Proposition de loi Lutte contre les installations illicites des gens du voyage

Direction de la Séance

N°36 rect.

10 février 2026

(1ère lecture)

(n° 341 , 340 )


AMENDEMENT

C Défavorable
G Défavorable
Retiré

présenté par

Mme JOSENDE, M. ANGLARS, Mme BELRHITI, M. Jean-Marc BOYER, Mme Valérie BOYER, MM. BRISSON et BURGOA, Mme CANAYER, MM. DAUBRESSE et DELIA, Mmes DREXLER, DUMONT et EVREN, MM. FRASSA et GENET, Mmes Frédérique GERBAUD et IMBERT, MM. KHALIFÉ, KLINGER, LEFÈVRE, MICHALLET et ROJOUAN, Mme ROMAGNY, M. Jean-Baptiste BLANC, Mme BORCHIO FONTIMP, MM. BRUYEN et FARGEOT, Mme GARNIER, M. HAYE et Mme HERZOG


ARTICLE 8

Consulter le texte de l'article ^

Compléter cet article par un alinéa ainsi rédigé :

« De même, lorsqu’un stationnement non autorisé de résidences mobiles expose les occupants, les tiers ou les biens à un péril grave et imminent, dûment constaté, portant atteinte à la sécurité des personnes ou à la salubrité publique, au sens des pouvoirs de police administrative générale, le représentant de l’État dans le département peut, sans être tenu de leur adresser une mise en demeure préalable, procéder à l’évacuation des occupants. »

Objet

Le présent amendement vise à compléter le dispositif introduit à l’article 8, qui permet une évacuation immédiate en cas de péril grave et imminent pour les sites Natura 2000, en étendant cette faculté aux situations présentant un risque comparable pour la sécurité des personnes ou la salubrité publique.

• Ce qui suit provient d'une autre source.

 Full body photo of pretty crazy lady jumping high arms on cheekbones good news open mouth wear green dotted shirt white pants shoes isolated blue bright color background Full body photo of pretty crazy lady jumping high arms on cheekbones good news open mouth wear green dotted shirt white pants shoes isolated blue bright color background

Il apparaît en effet nécessaire que les impératifs de sécurité et de salubrité publiques puissent, au même titre que la protection de l’environnement, justifier une intervention sans mise en demeure préalable lorsque l’urgence et la gravité de la situation sont dûment constatées.



NB :La présente rectification porte sur la liste des signataires.